Unwavering CNY
Our event studies from the 2018-2019 trade war point towards CNY depreciation after affirmative announcements of tariff increases. However, what we have observed this time around is that Chinese authorities have kept the CNY fixing stable at around 7.17, despite two rounds of tariff increases on China. As highlighted previously, Chinese policymakers have several policy tools at their disposal including fiscal, monetary, housing, credit and FX to offset the potential growth hit from tariffs.
And judging by the FX policy reaction function so far (or lack thereof), it appears the PBoC may be less willing to use FX weakness, at least at this juncture, when the US tariff policy remains fluid. Moreover, keeping the FX stable offers the PBOC more policy options later, in case of further tariffs ahead.

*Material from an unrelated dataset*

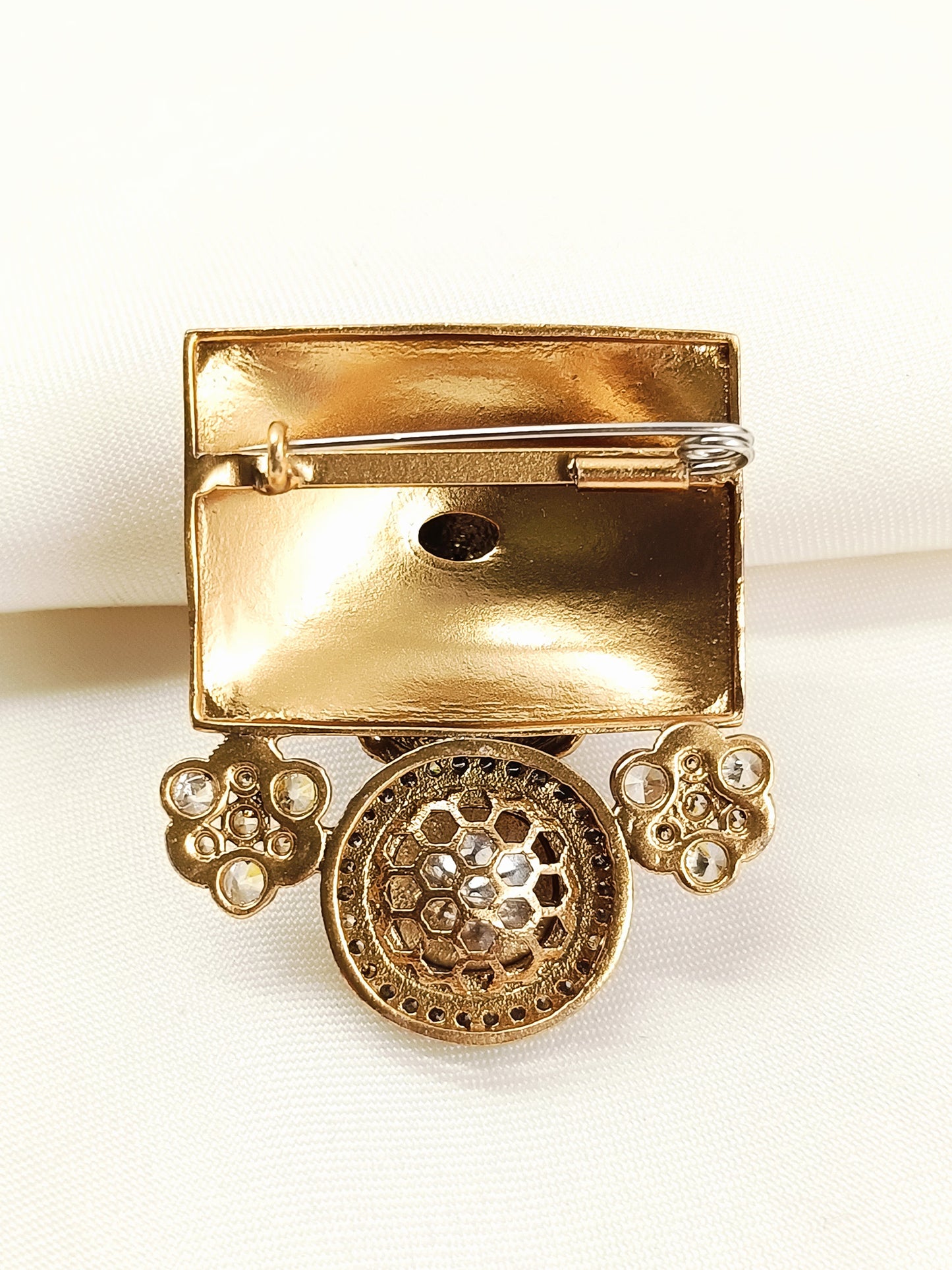 Harivansh Kundan Lion Men's Brooch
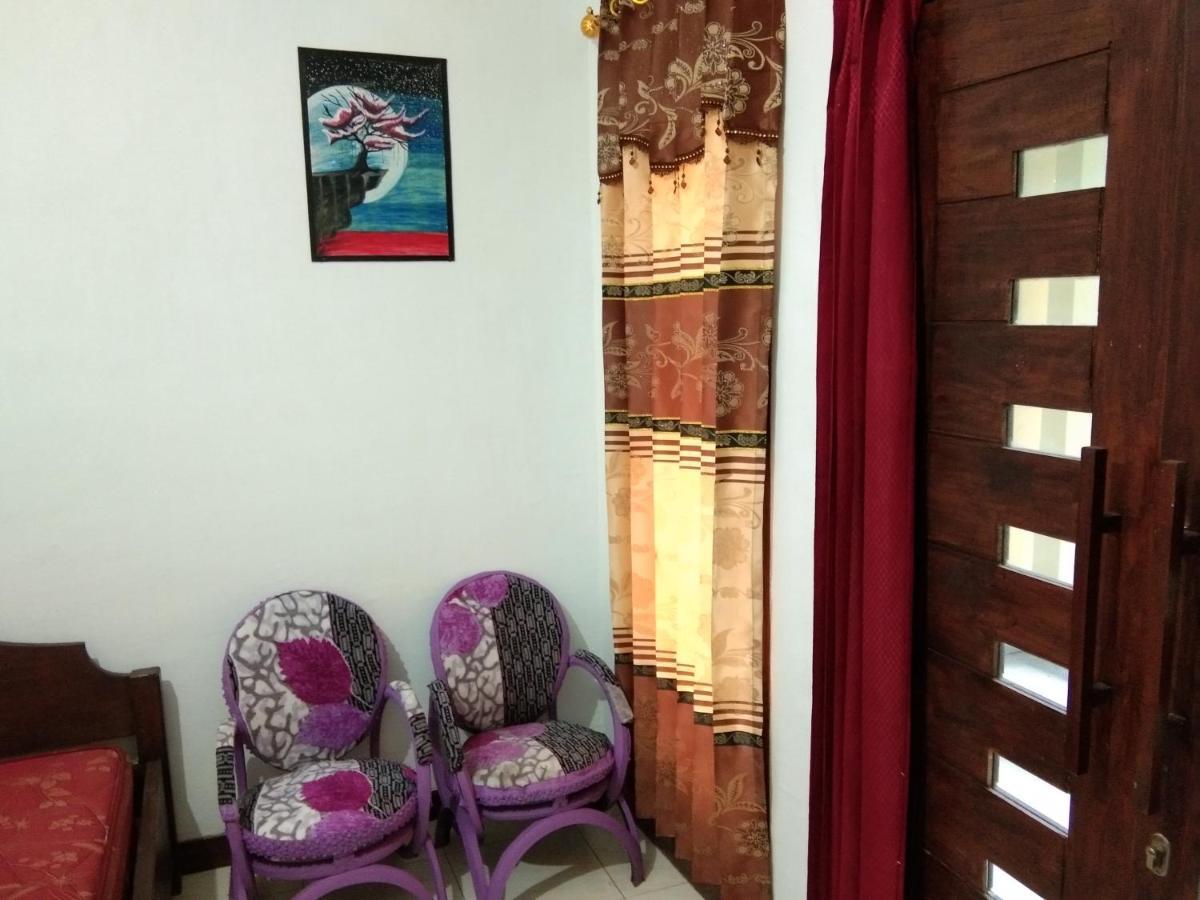 Latansa Inn كاريمونجاوا المظهر الخارجي الصورة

This stability in the CNY meant that the investors (we met) have largely reduced their long USD/CNH positions (at least compared to pre-inauguration levels) and are now more open to more two-way risk for USD/CNH given the developments in Europe, which could offer support for the EUR, whilst being negative for the USD (if there is a rotation of funds from the US to the EU).
More open to two-way risk for USD/Asia
Coming into the year the narrative was very focused on “tariff trades”, or which Asian currencies would be most vulnerable to US exceptionalism and sluggish growth in China. On rates, even though Asian central banks have expressed preference to normalize rates, the reluctance to ease emanated from concerns around currency weakness, particularly in the event of tariffs. The narrative shift over the past week, has opened the discussion to two-way risk for USD/Asia.

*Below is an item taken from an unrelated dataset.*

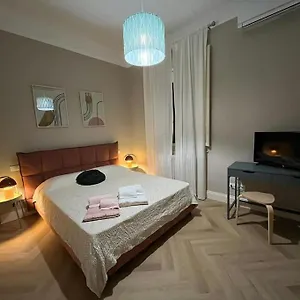  Apartment Lunaria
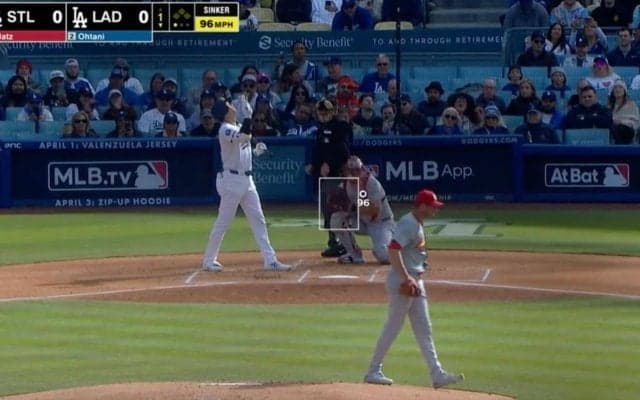 大谷翔平が思わずキレた…！？ 「ミスジャッジだろ」「審判どこ見てんだよ！」見送ったボールが“まさかのストライク” 厳しい判定にファンも怒り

Prior to the Germany budget announcement, some investors we met were already beginning to think that if USD/CNY remain stable, then there are limitations to how much low-yield USD/Asia (KRW, TWD, SGD, MYR and THB) could move higher, given their sensitivities to USD/CNY. Post Germany budget announcement, there was growing discussion around which Asian currencies could rally the most in a USD downside environment.

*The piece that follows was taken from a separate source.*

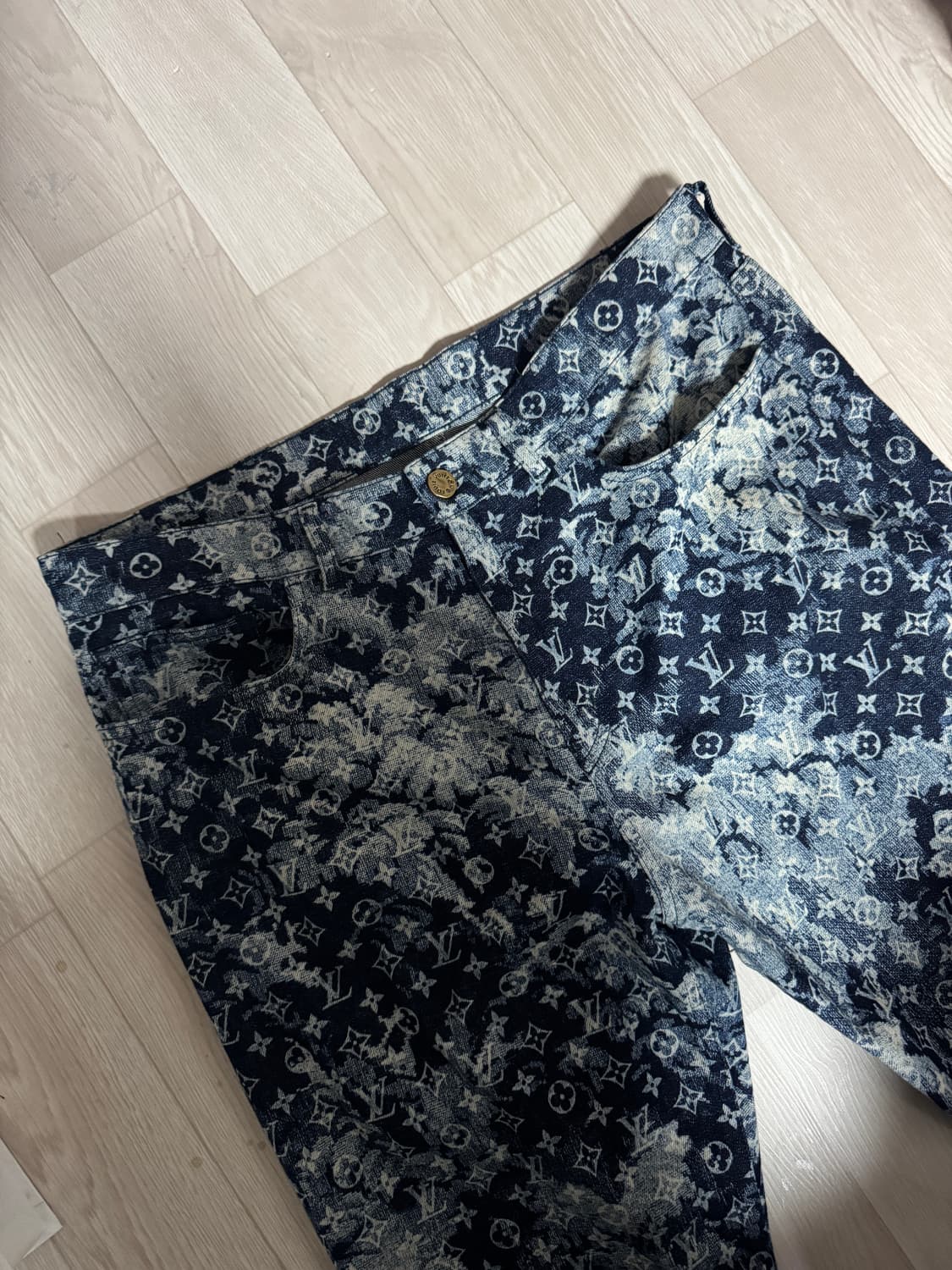 루이비통 버질아블로 태피스트리 모노그램 데님 팬츠 34 상품이미지4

From our conversations with investors, the KRW appeared to be the favored expression in a USD downside scenario. The market was likely long USD/KRW going into December on “tariff trades.” Some of this positioning would have likely been reduced following its underperformance in December (driven by political instability post martial law). We have advocated being bullish KRW tactically earlier this year (via our short THB/KRW trade), however, we do not think bullish KRW is a widely held consensus view yet.